#### WHAT IS BEING ASKED:
Return the line that has "TARTINE ET CHOCOLAT" and all lines below it through the last, exactly as they stand; omit pictures.

#### DATA SECTION:

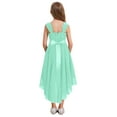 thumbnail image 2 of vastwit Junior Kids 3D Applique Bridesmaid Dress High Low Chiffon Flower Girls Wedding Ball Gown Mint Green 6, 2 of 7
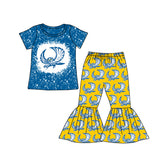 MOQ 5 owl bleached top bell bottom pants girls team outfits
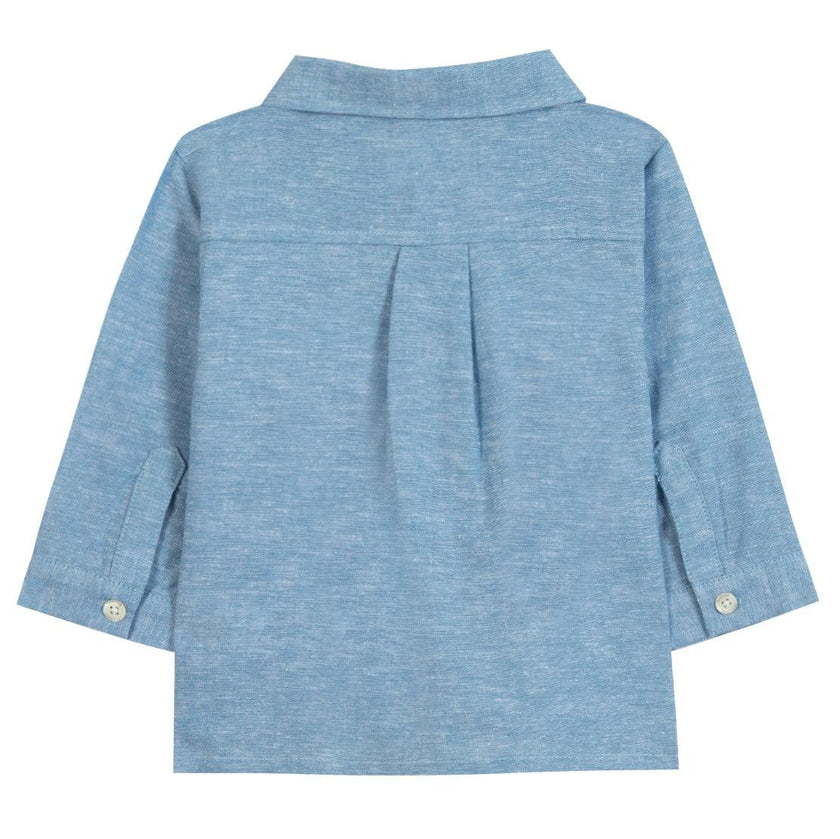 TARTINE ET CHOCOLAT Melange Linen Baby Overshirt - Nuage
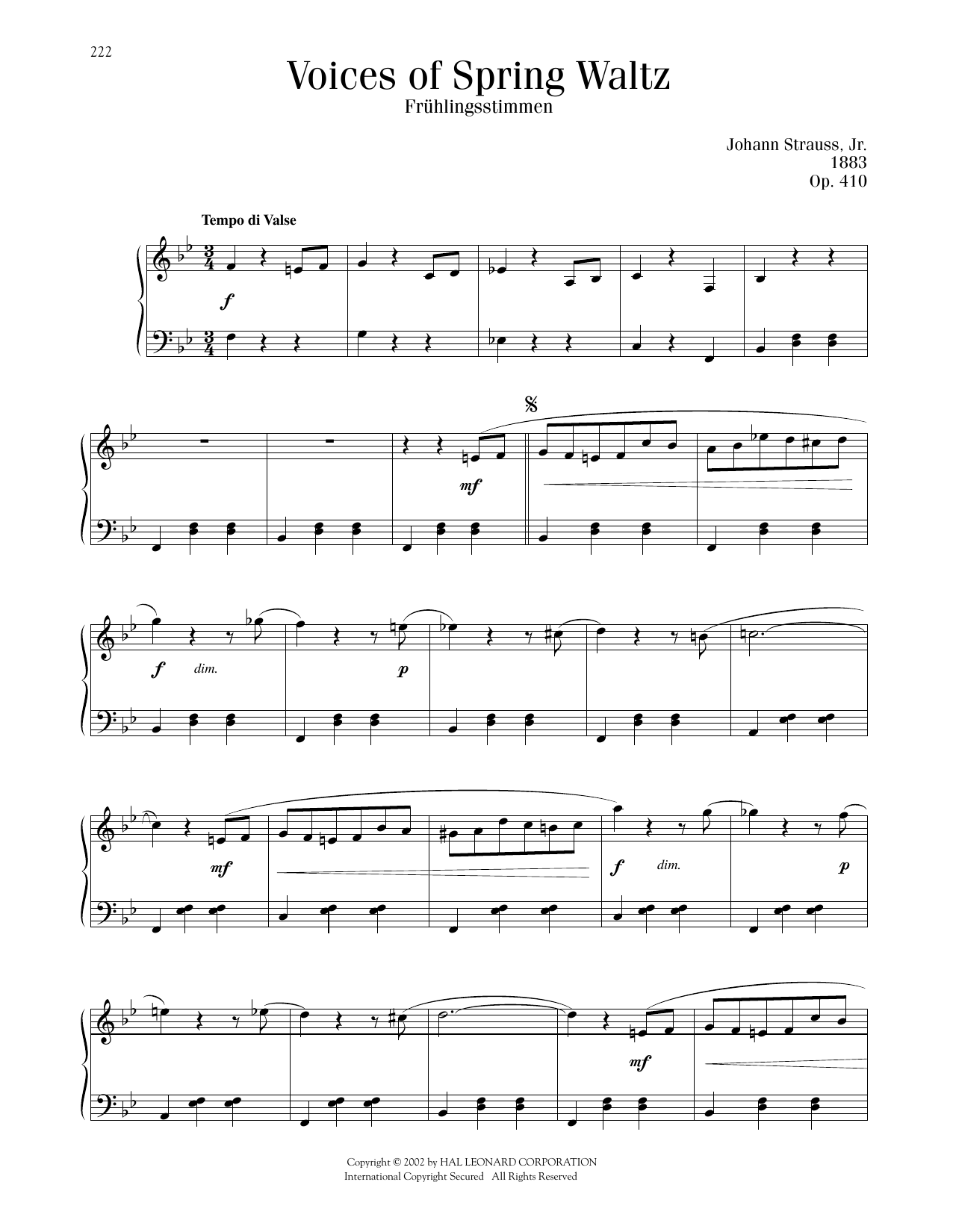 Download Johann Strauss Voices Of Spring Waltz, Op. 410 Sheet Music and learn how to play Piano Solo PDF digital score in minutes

#### ANSWER BOX:
 TARTINE ET CHOCOLAT Melange Linen Baby Overshirt - Nuage
 Download Johann Strauss Voices Of Spring Waltz, Op. 410 Sheet Music and learn how to play Piano Solo PDF digital score in minutes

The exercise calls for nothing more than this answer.